■ **DESCRIPTION OF THE TASK**
Lines from the one holding "Artificial Brown Pampas" through the end of the entries, inclusive, form the whole output; reproduce them exactly and omit pictures.

■ **RECORDS TO PROCESS**
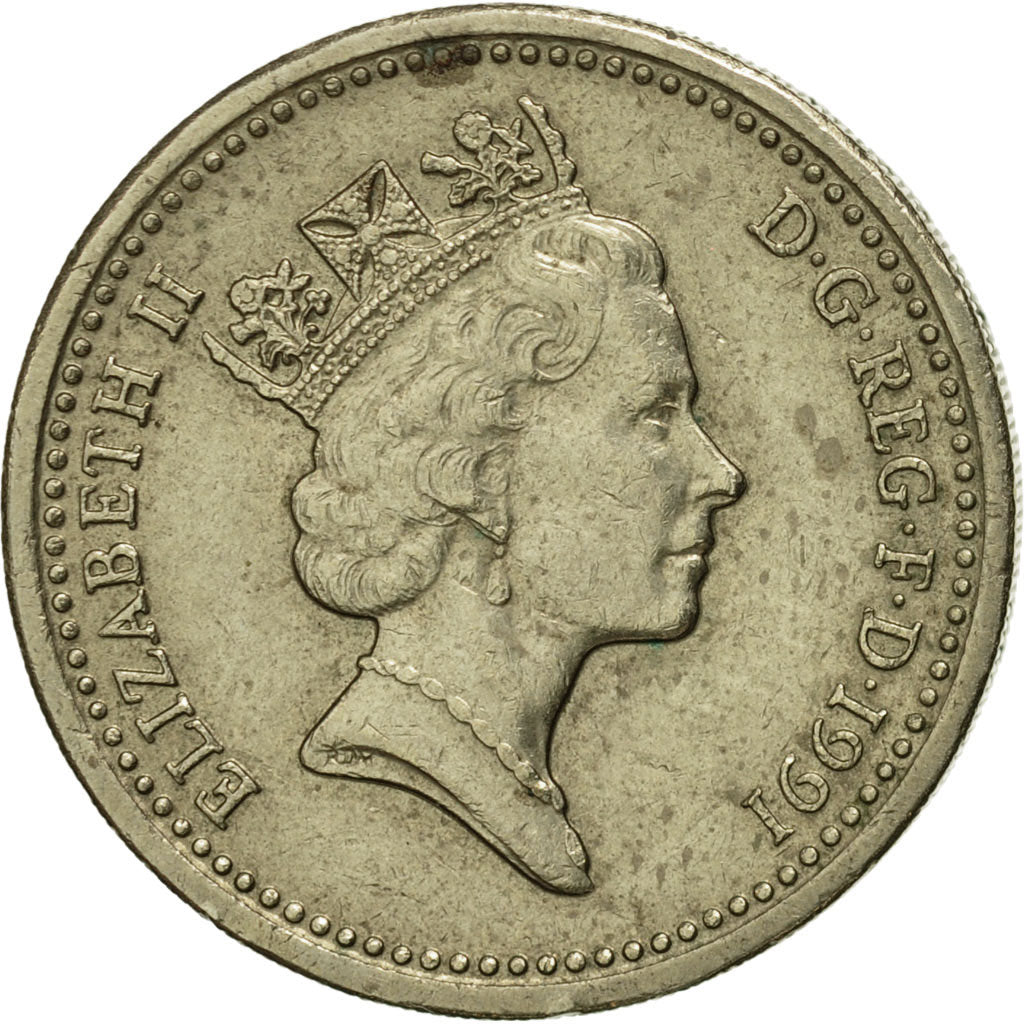 Great Britain, Elizabeth II, Pound, 1991, EF(40-45), Nickel-brass, KM:946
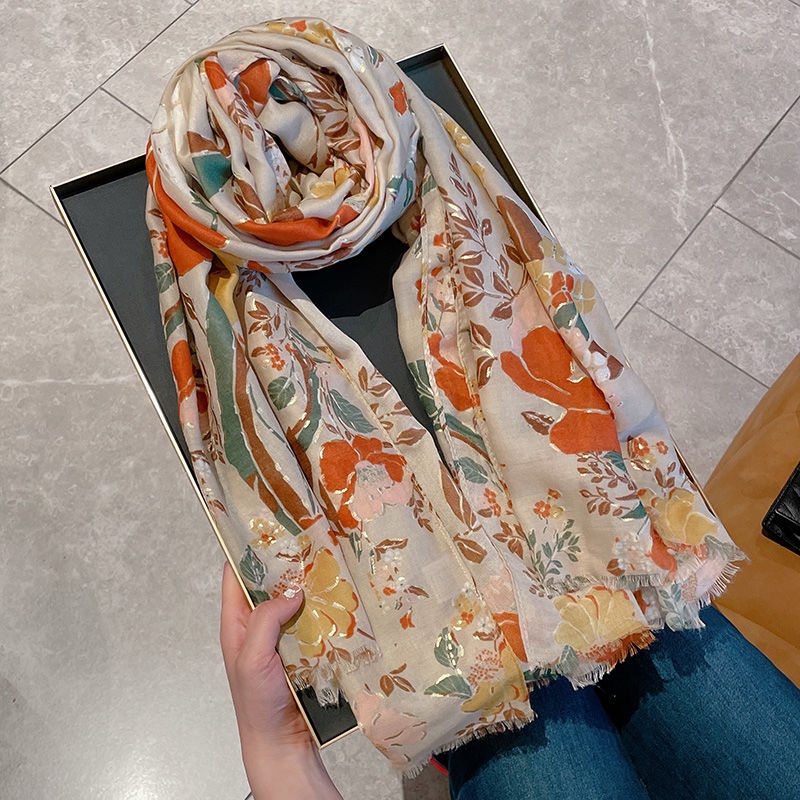 Khăn Choàng Vải Lanh Cotton Mỏng Cao Cấp Thời Trang Xuân Thu Cho Nữ
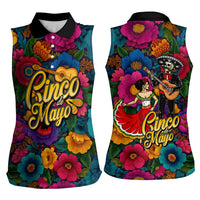 Cinco De Mayo Women Sleeveless Polo Shirt Mariachi Dancer - Vibrant Mexican Floral Fiesta Guitar Folk Art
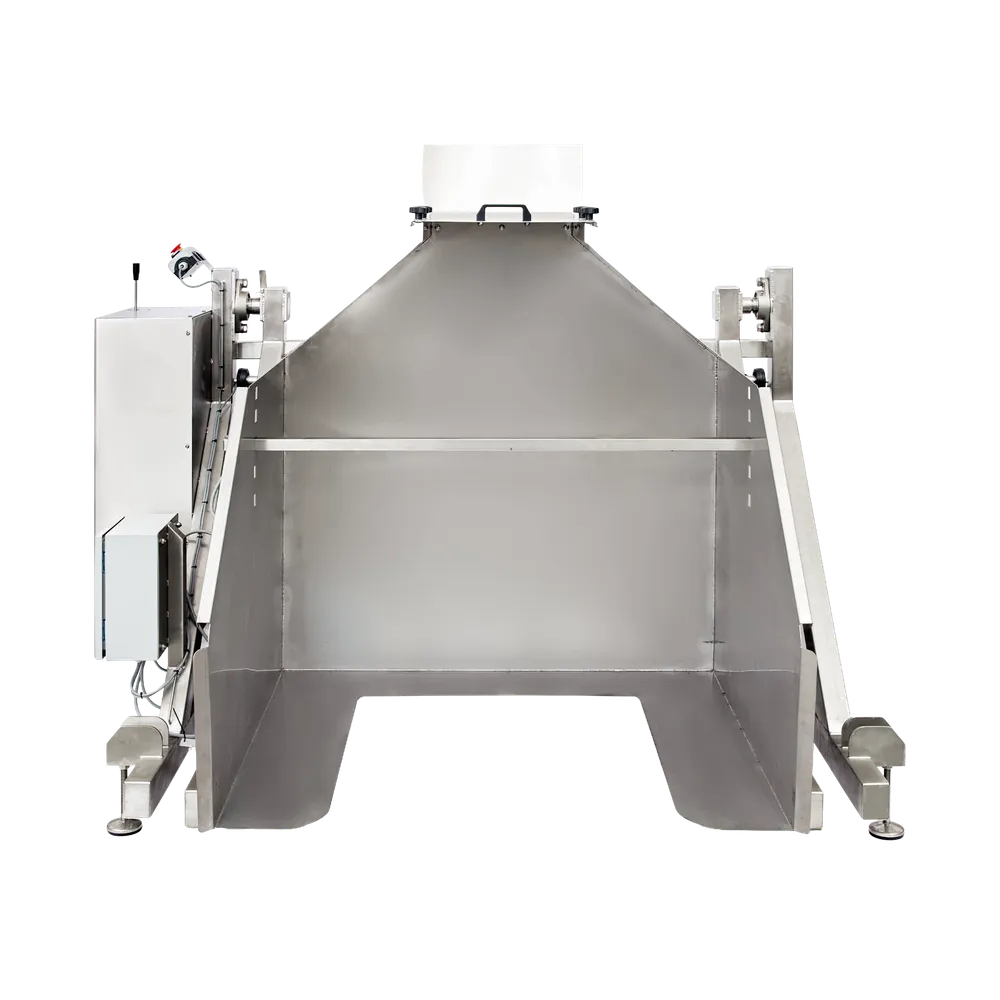 Kompakt maskine i rustfrit stål til tømning af frugtkasser i nedadgående position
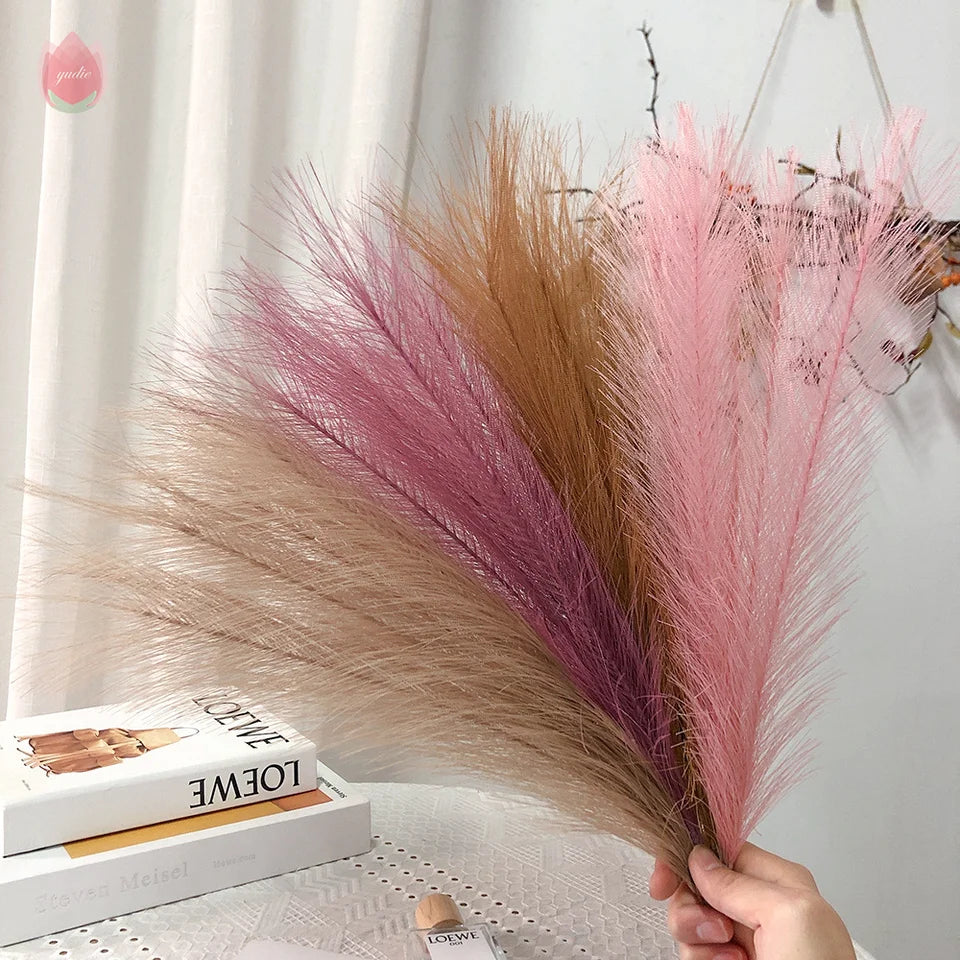 Artificial Brown Pampas Grass Fake Flowers Silk Reed Simulated Feather Wedding Decoration Bouquet Home Decor Floral Arrange DIY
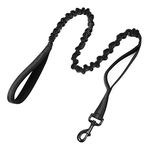 rabbitgoo Bungee Dog Leads for Medium Large Dogs, Anti Pull Tactical Lead Rope with 2 Padded Traffic Control Handles for Military Dog Training and Walking, Quick Lock Release, Black, 114-158cm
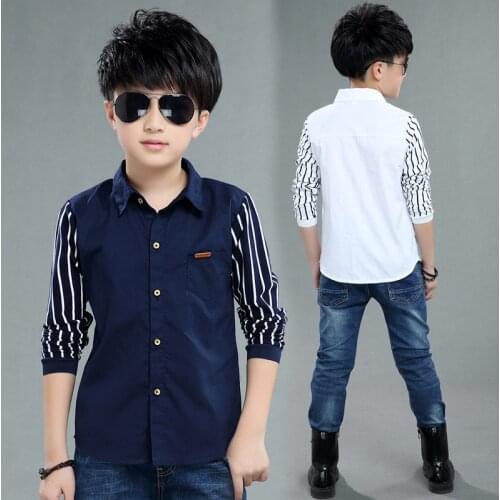 Boy clothes striped shirt childrens shirt patchwork school boy shirt spring and autumn childrens clothes 4 6 8 10 12 years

■ **TASK RESPONSE**
 Artificial Brown Pampas Grass Fake Flowers Silk Reed Simulated Feather Wedding Decoration Bouquet Home Decor Floral Arrange DIY
 rabbitgoo Bungee Dog Leads for Medium Large Dogs, Anti Pull Tactical Lead Rope with 2 Padded Traffic Control Handles for Military Dog Training and Walking, Quick Lock Release, Black, 114-158cm
 Boy clothes striped shirt childrens shirt patchwork school boy shirt spring and autumn childrens clothes 4 6 8 10 12 years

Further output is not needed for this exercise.